--- Material for this task ---
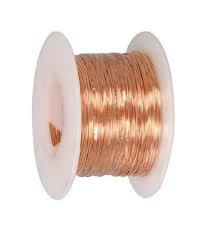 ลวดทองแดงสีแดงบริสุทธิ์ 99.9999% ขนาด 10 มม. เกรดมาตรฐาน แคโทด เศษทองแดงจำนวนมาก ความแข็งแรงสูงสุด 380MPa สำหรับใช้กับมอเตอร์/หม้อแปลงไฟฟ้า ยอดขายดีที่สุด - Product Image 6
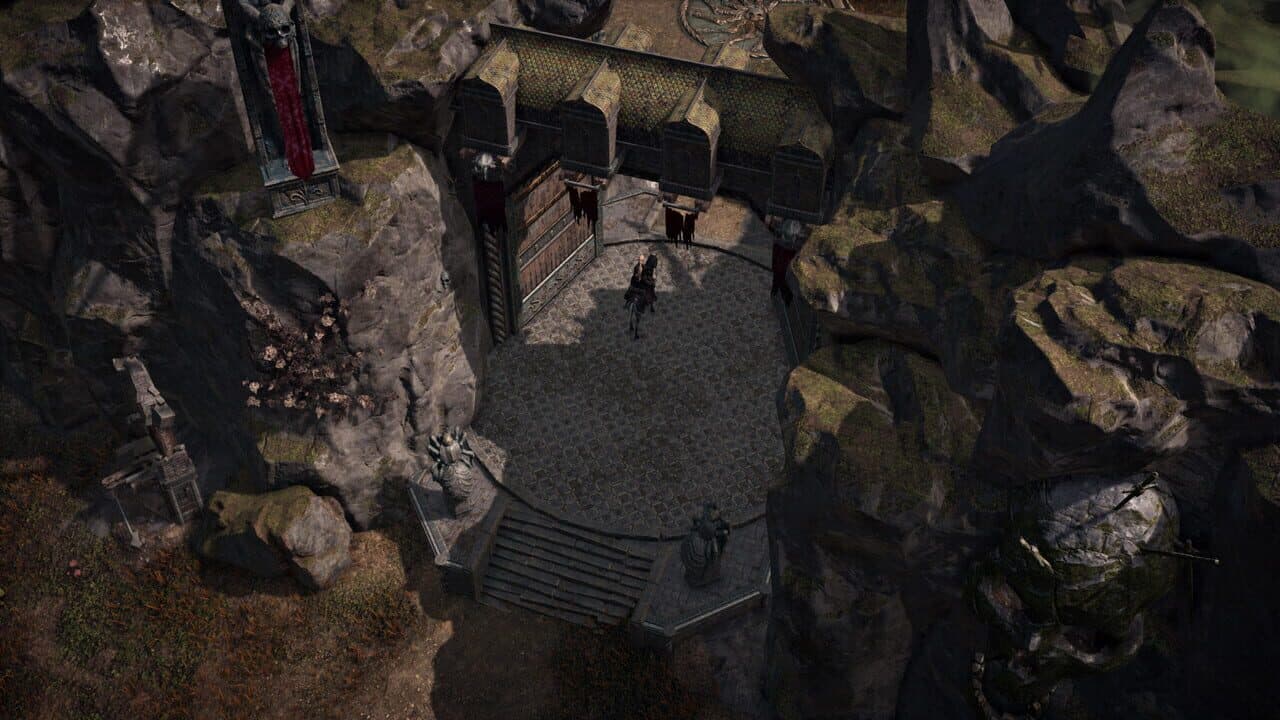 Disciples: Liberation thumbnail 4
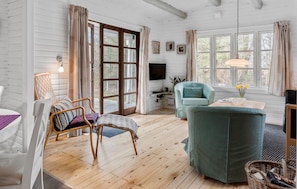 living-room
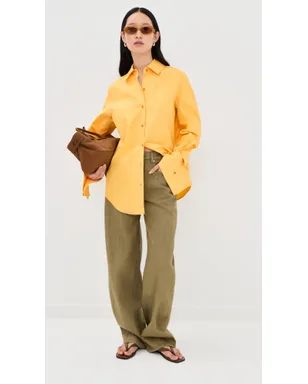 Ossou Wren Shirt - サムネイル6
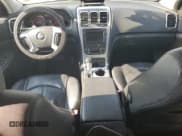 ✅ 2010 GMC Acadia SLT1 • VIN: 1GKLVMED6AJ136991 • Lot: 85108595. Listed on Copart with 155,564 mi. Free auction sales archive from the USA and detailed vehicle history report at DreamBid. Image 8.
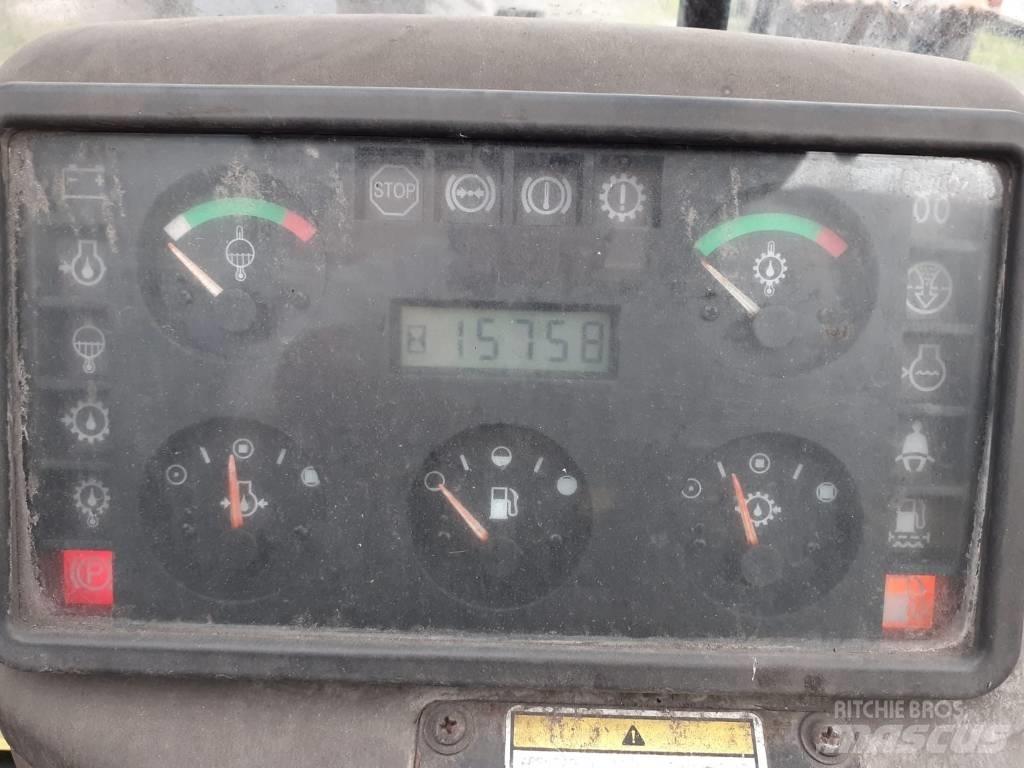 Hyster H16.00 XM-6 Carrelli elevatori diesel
---
Nothing but the lines from the one holding "Disciples: Liberation thumbnail 4" through the last line of the entries should be written out, exactly and inclusively, minus the pictures.

 Disciples: Liberation thumbnail 4
 living-room
 Ossou Wren Shirt - サムネイル6
 ✅ 2010 GMC Acadia SLT1 • VIN: 1GKLVMED6AJ136991 • Lot: 85108595. Listed on Copart with 155,564 mi. Free auction sales archive from the USA and detailed vehicle history report at DreamBid. Image 8.
 Hyster H16.00 XM-6 Carrelli elevatori diesel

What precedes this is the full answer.